I know this isn't particularly on-topic, but I find it fascinating how much this sentence now jostles me.

Reading the article as a whole feels like it was written by a person, but the moment I see this, the "it's not X, it's Y" pattern matching my brain has developed for LLM speech kicks in and I suddenly feel a negative bias toward the content.

  • d13z a day ago

    I read here some time ago an article of how LLM generated content is the new nylon/lycra. In the 80's this fabric was all the rage but now it just feel cheaper. The same happens to me when people quote something an LLM told them as a big true.

jakubmazanec 2 days ago

React Router v4 was released in March 2017 (more than 8 years ago!). v5 was released in May 2019 with no API changes. v6 was released in November 2021 with a new API based on React hooks (this API was much better than the previous). v7 was released in November 2024 with the "Remix" APIs (most importantly the "framework mode"). So, the gaps are 4 years and 3 years - that's doesn't seem that crazy.

  • philipallstar a day ago

    It's a bit crazy. Why ever change it? Imagine if Bash changed every four years, or really anything else that isn't a JS library.

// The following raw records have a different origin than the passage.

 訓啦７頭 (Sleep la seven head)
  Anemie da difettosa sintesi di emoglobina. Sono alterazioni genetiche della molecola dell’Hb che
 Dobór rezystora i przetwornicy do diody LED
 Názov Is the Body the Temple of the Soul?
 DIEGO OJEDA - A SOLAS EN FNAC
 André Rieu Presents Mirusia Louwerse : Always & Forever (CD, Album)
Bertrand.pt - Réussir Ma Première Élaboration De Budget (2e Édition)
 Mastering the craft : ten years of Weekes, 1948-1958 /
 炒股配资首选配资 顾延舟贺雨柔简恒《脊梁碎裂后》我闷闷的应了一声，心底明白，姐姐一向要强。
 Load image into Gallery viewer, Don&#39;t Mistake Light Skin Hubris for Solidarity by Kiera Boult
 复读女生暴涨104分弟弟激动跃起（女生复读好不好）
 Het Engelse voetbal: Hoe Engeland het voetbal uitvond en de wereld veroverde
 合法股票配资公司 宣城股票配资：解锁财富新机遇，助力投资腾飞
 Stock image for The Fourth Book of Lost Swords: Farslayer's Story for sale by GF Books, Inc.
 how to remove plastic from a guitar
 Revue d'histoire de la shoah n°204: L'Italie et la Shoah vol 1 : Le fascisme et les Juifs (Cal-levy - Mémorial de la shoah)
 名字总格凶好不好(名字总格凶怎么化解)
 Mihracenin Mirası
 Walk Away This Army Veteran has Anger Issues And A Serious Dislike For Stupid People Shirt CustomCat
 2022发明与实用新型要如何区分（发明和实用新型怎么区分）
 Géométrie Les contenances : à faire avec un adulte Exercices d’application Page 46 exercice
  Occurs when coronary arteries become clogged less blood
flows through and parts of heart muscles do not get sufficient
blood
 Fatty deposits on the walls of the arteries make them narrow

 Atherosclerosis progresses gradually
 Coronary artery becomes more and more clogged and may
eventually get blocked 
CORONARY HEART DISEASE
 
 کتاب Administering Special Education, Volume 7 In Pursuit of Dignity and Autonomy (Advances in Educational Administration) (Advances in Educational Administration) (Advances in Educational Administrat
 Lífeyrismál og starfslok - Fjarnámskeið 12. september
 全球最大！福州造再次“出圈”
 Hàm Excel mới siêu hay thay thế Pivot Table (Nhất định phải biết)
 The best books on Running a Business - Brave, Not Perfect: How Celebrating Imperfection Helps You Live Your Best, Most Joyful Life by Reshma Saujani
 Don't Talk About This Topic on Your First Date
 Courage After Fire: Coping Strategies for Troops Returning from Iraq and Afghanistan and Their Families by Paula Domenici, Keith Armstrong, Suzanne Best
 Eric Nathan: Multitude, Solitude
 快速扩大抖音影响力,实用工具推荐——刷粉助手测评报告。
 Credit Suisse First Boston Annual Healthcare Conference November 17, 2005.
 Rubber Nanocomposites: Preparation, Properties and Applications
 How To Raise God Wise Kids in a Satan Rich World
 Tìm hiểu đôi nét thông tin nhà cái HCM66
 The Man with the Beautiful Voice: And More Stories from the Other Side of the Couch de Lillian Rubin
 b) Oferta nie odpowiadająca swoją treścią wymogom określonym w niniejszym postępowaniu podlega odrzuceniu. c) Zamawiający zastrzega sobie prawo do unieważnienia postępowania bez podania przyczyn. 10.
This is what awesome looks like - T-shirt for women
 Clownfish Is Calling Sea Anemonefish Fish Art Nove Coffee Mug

    • jakubmazanec a day ago

      > Why ever change it.

      Because e.g. 1) defining routes using React components isn't good idea, because then you have to first render the app before you know which routes are defined; 2) It's useful to be able to specify what data a route needs. 3) React moved to hooks because they compose better; Etc. The APIs were reworked (but only a few times over many years) so they could be better. Software design is iterative and that's what the major version number in SemVer is for.